Given that we were not aware of any other change in the machine, we
originally thought the problem was somehow caused by a disk enlargement
(we use LVM) but since it has reappeared, we now think it must be due to
something (logs, memory, processes?) growing too much... but we have no
clue about what can that be :(
We're not extremely worried though since it seems it is controllable by
rebooting the CE once each two months and we are hoping CREAM will not
suffer from the same problem.
Cheers,
Antonio
> Hallo Ralph,
>
>> we have mysterious problem.
>> We run an extra torque server and a lcg-CE.
>> After an update of the torque server (operating system update), suddenly
>> all jobs are submitted several times to the system.
>>
>> A job arrives at the lcg-CE and is passed to the torque server (other
>> machine). Torque accepts the job and runs it.
>> The logs both on the CE and torque look normal. But after about half a
>> minute the same job (same Grid ID) is submitted again to the lcg-CE. And
>> again and again. The same job is submitted 9 times.
>>
>> The jobs then fail when trying to copy there output from the WN to the CE:
>> from WN /var/log/messages:
>> Nov 3 17:36:03 r1i1n15 pbs_mom: sys_copy, command '/usr/bin/scp -rpB
>> /var/spool/pbs/spool/5137506.service0.ice.zih.tu-dresden.de.OU
>> [log in to unmask]:/home/ziops022/.globus/job/desdemona.zih.tu-dresden.de/32270.1288802028/stdout'
>> failed with status=1, giving up after 4 attempts
>> Nov 3 17:36:03 r1i1n15 pbs_mom: req_cpyfile, Unable to copy file
>> /var/spool/pbs/spool/5137506.service0.ice.zih.tu-dresden.de.OU to
>> [log in to unmask]:/home/ziops022/.globus/job/desdemona.zih.tu-dresden.de/32270.1288802028/stdout
>>
>> The reason is that the directory
>> /home/ziops022/.globus/job/desdemona.zih.tu-dresden.de/32270.1288802028/
>> on the CE does not exist anymore.
> A few months ago the CIEMAT site reported a similar problem.

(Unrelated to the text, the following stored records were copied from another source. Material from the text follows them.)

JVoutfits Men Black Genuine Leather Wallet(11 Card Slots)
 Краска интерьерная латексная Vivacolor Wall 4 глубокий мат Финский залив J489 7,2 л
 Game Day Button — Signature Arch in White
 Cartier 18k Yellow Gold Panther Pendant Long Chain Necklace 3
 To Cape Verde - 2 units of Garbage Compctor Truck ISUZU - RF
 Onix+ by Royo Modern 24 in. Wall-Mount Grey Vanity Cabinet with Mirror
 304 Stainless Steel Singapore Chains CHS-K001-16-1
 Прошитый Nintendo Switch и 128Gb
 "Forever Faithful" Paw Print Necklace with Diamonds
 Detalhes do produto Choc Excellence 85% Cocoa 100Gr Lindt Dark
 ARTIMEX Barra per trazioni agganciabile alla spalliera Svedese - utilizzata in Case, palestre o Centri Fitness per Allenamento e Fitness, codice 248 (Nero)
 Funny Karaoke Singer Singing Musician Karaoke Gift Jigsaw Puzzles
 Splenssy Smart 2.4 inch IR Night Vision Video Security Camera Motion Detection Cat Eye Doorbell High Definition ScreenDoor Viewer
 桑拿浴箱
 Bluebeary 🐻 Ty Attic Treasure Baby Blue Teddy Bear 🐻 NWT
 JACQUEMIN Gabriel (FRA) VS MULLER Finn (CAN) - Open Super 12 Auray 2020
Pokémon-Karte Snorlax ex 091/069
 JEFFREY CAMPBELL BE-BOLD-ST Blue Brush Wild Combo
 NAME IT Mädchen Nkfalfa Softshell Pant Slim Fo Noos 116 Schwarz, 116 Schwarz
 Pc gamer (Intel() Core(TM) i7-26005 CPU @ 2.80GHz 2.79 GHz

> After a lot of debugging effort the LCG-CE was rebooted and
> the problem has not returned since: did you try a reboot?
>
> We never understood the cause, but we did provide a version
> of the "lcg" job managers that has a protection against
> multiple submissions of the same job:
>
> https://savannah.cern.ch/patch/?4331
>
> But your CE is using the standard Globus job managers...
|